Words by Giuditta Ercolino
March 5, 2020

“The Plot” presents around 20 newly commissioned site-specific artworks by international artists. The artworks are sited along three routes, with the aim to invite viewers to question the gap between the tales and the urbanism of the town. These routes used as a point of departure are historically part of Folkstone’s narratives: St Eanswythe’s watercourse; the physician William Harvey’s discovery of the circulation of the blood; and Folkestone’s industrial road “The Milky Way”. The common thread is therefore the passages of movement, the movement of water, blood, goods but also of viewers, since the exhibition is presented in public spaces across the town.

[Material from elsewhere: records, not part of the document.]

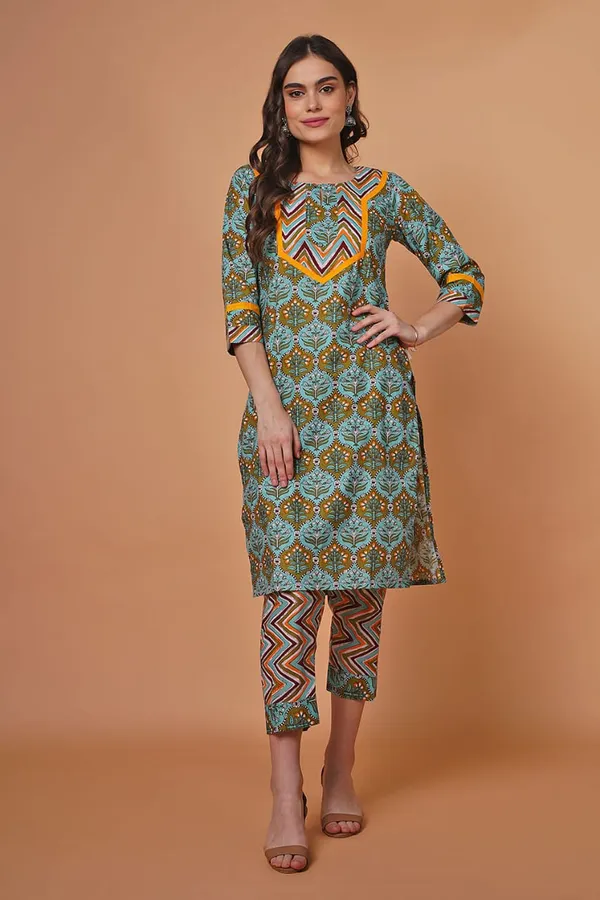 Yellow Printed Cotton Kurta set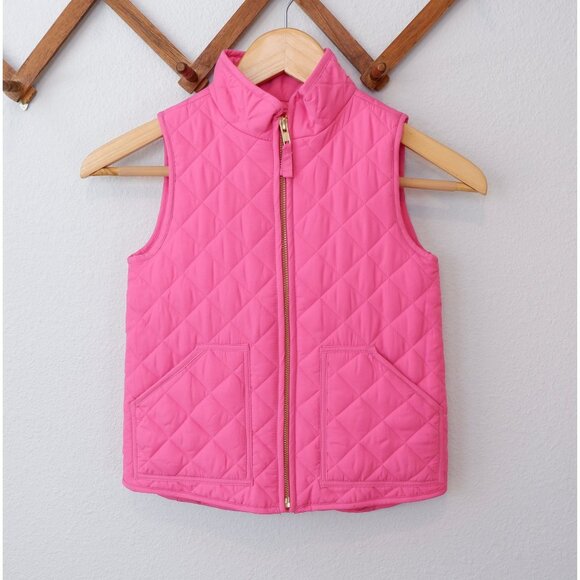 J.Crew Crewcuts Girls Pink Barbiecore Quilted Puffer Vest, size 4-5 - Picture 4 of 9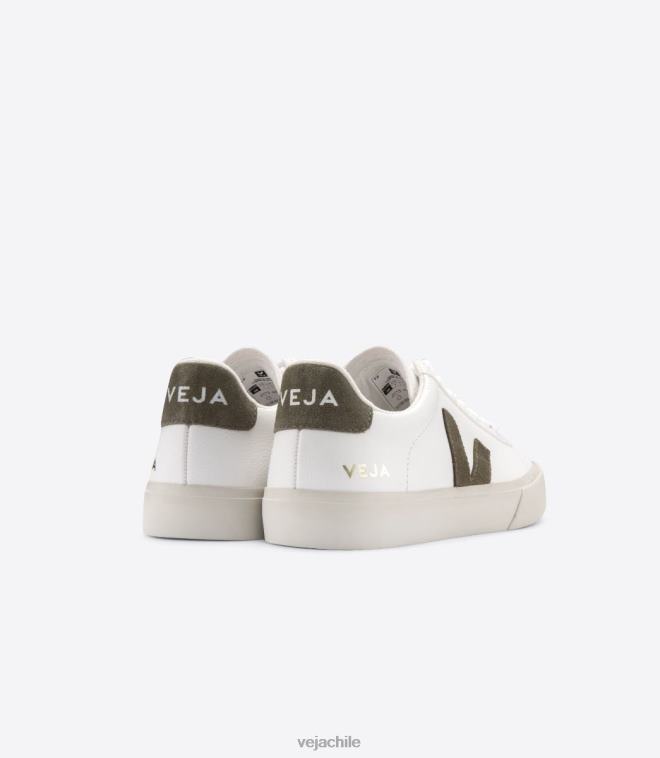 Veja hombres campo cuero sin cromo blanco kaki PDFXH12 zapatos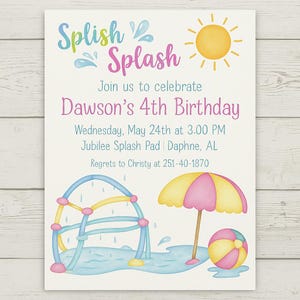 Splish Splash Party Invitation | Digital or Printed | Summer Party | Birthday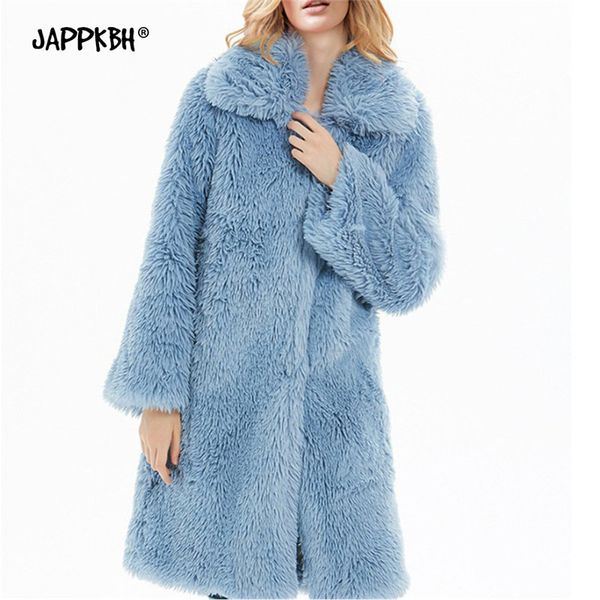 

winter faux fur coat women 2019 casual long thick warm turn-down collar fur jacket female plus size warm outwear casaco feminino, Black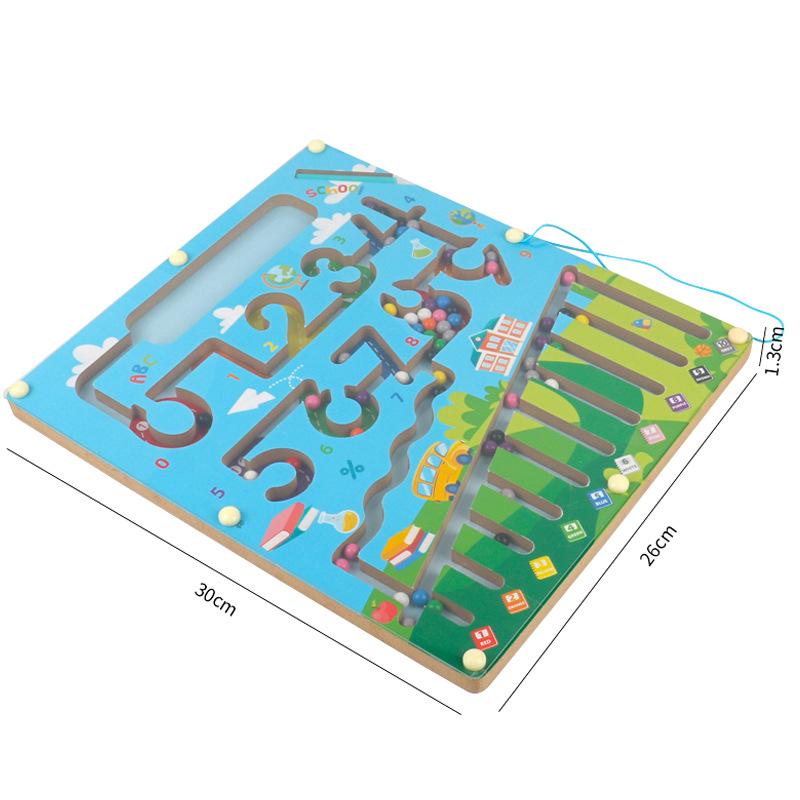 

Educational Magnetic Bead Maze Toy for Kids - Wooden Number Recognition with Magnetic Pen Control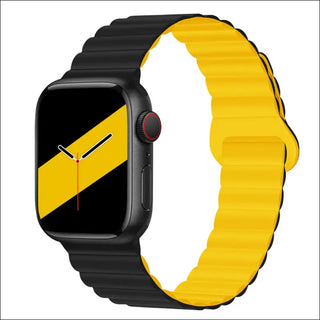 Band Silicone Magnetic Watch Strap - Black With Yellow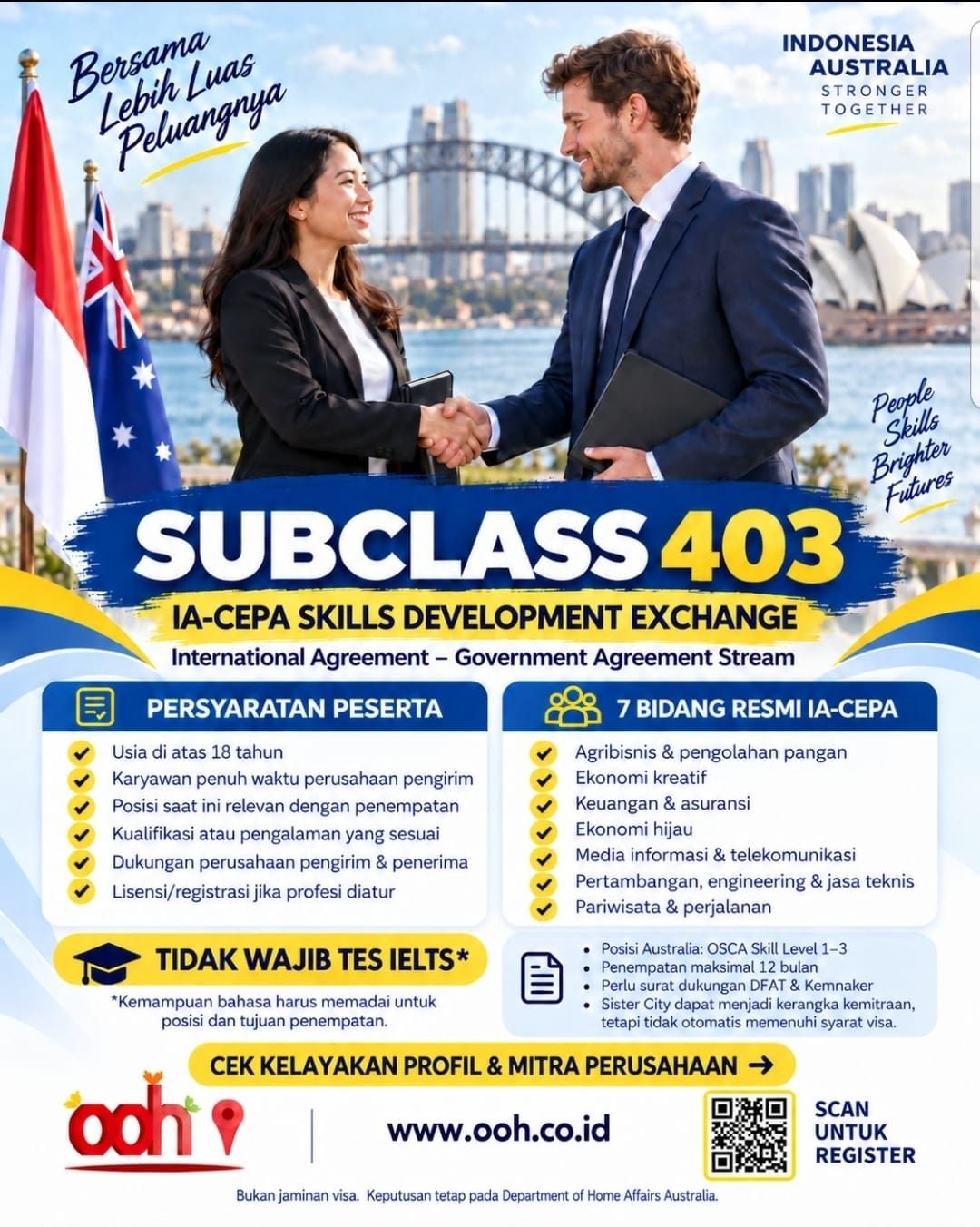 Poster OOH Subclass 403 IA-CEPA Skills Development Exchange: persyaratan peserta, tujuh bidang resmi IA-CEPA, dan keterangan tidak wajib tes IELTS.
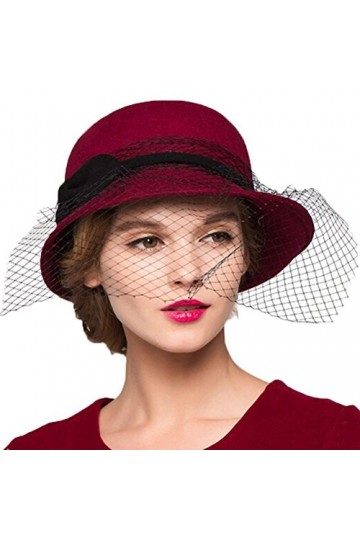 Maitose™ De la Femme Laine en Feutre Fleurs Eglise Bowler Hats Veil Vin Rouge
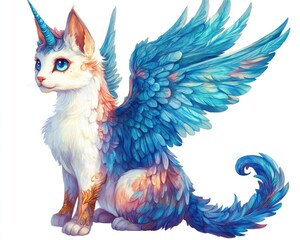 Obraz premium Fantasy unicorn cat with blue wings illustrated in 2D against a white backdrop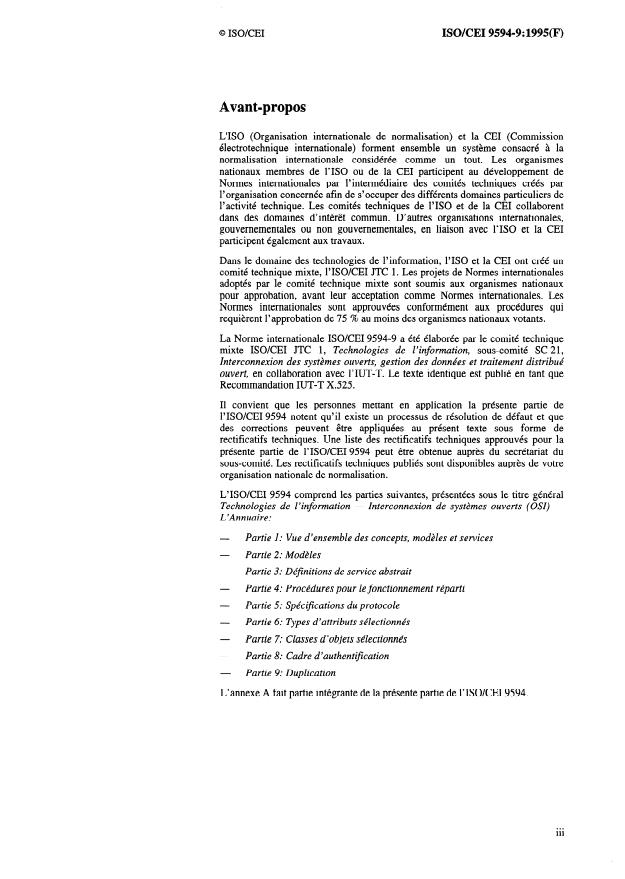 ISO/IEC 9594-9:1995 - Technologies de l'information -- Interconnexion de systemes ouverts (OSI) -- L'Annuaire: Duplication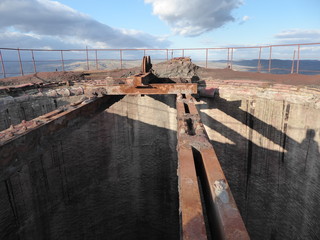 Demolished ruins, nuclear power plants, cranes, chimneys and rotting poles around the nuclear...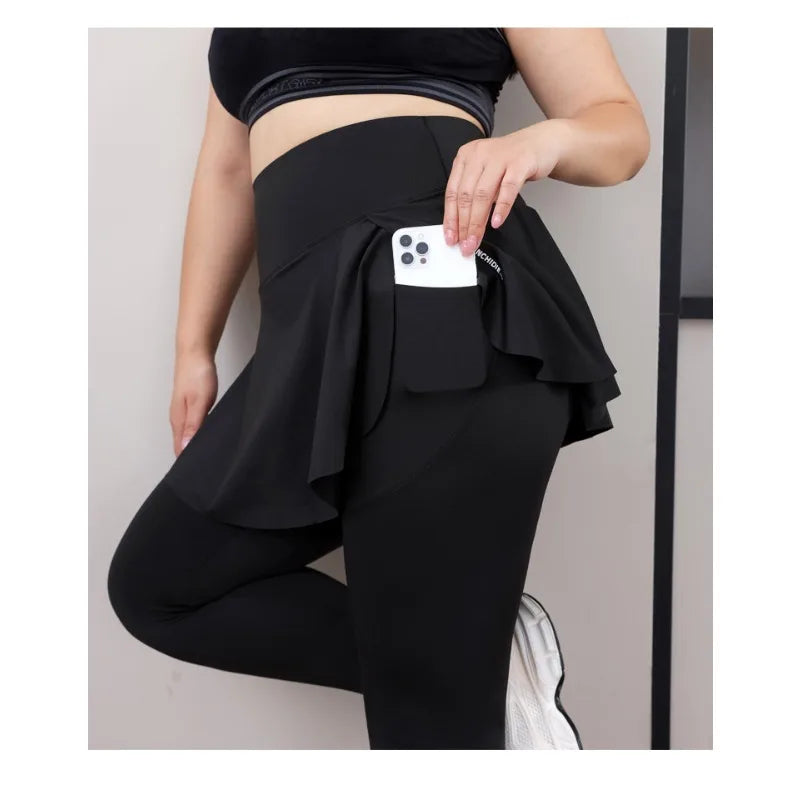 Plus Size Women's 2-in-1 Skirted Leggings – High-Waist Yoga & Training Pants with Pockets, Sharkskin Fabric & Faux Two-Piece Design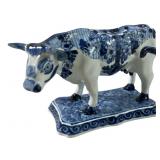 Delft blue and white Ceramic Hand Painted Cow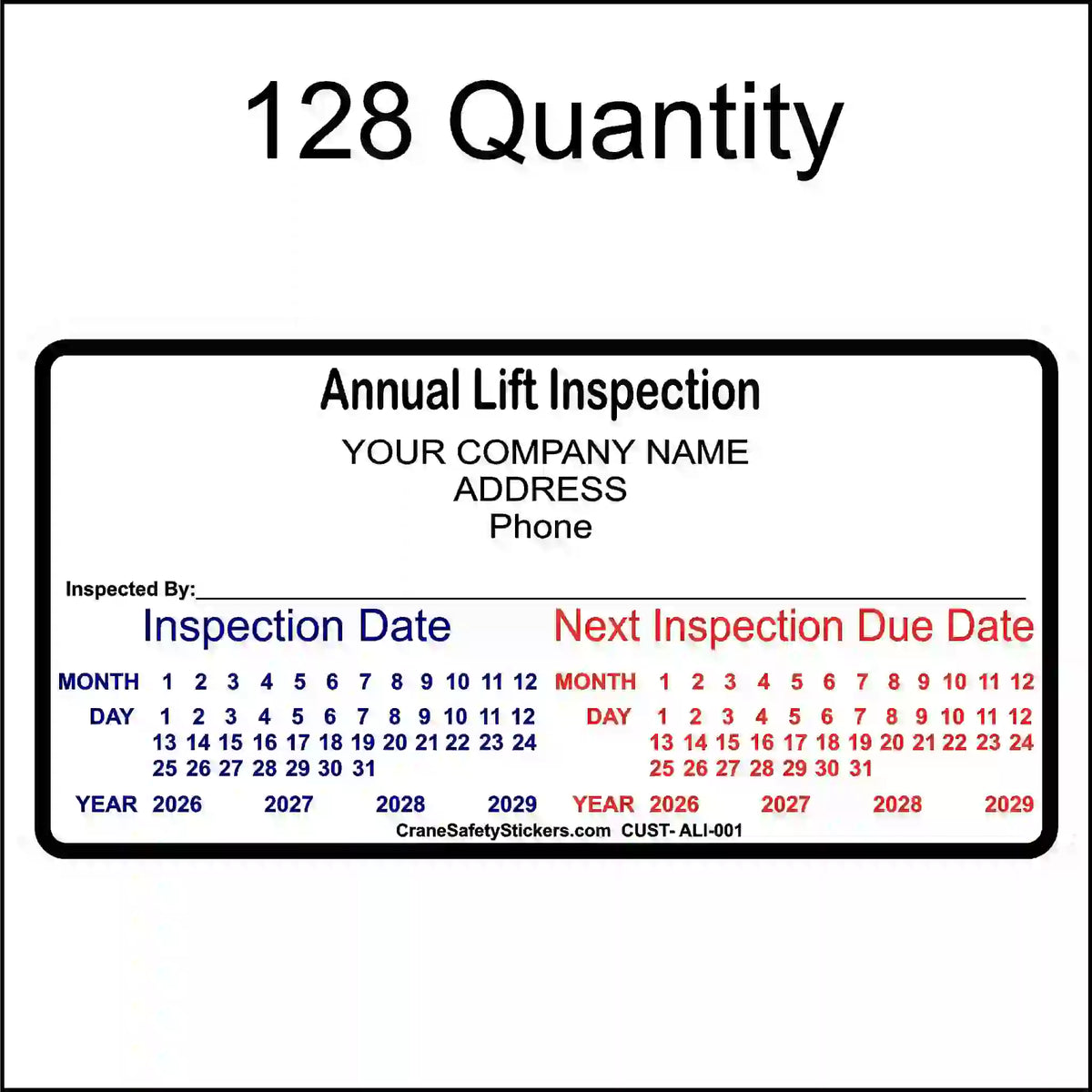 Annual Lift Inspection Stickers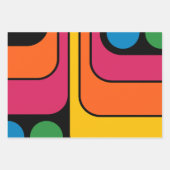 Mod 1970s Retro Stijl Geometrisch Ontwerp Inpakpapier Vel (Voorkant 3)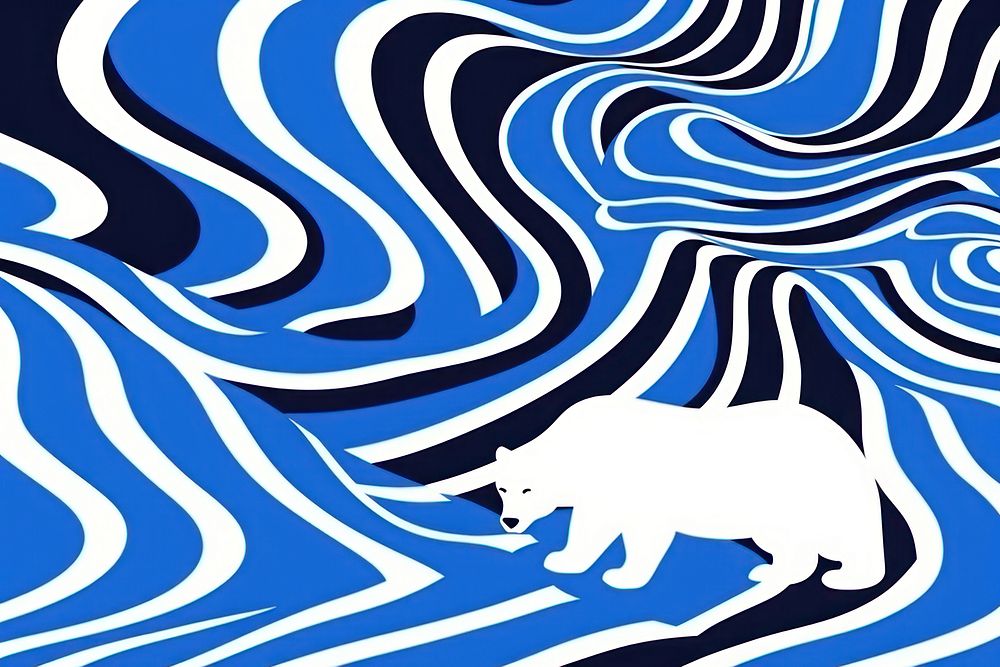 Wave of Polar bear pattern art wildlife.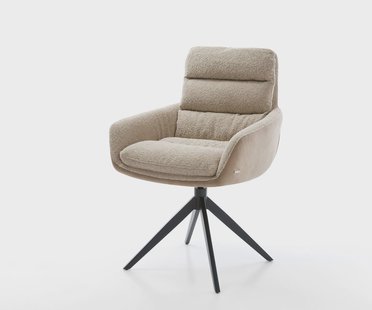 DELIFE Draaistoel Abelia-Flex met armleuning materiaalmix mud kruisframe breed zwart 360° draaibaar rocker-functie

‘‘Although set in Folkestone, the exhibition’s theme is a universal one, prompting us to consider the relation between stories and material realities everywhere in the world. Everyone becomes aware at some point of the gap between our lived experience and what is narrated about it. Sometimes this gap is so extreme that we assume it is the result of malice – it’s a plot. With conspiracy theories becoming ever more popular, it’s never been more urgent to think about the gap between the talk and the action, between our stories and our realities…” says Lewis Biggs, Curator of Creative Folkestone Triennial

The title “The Plot” suggests multiple meanings, both metaphorical and from a material point of view, and the Triennal aims at raising questions around the universal need to distinguish reality from myth. By questioning the gap between fact and fiction, the purpose is to identify and consider the voids left behind by “fake news” and “post truths”

“The gap between narrative and reality, promise and execution, will often attract our attention (whether amazement, hilarity, criticism or anger). But it’s this same gap that enables art to change people, and so also change the world. It’s the promise of the symbolic world that brings people together and motivates us to act. The artist’s imagination enables us to look at the material world, to imagine how it could be, and realise that it does not have to be the way it is. Great art can lead us to work together to change our surroundings.” continues the Curator.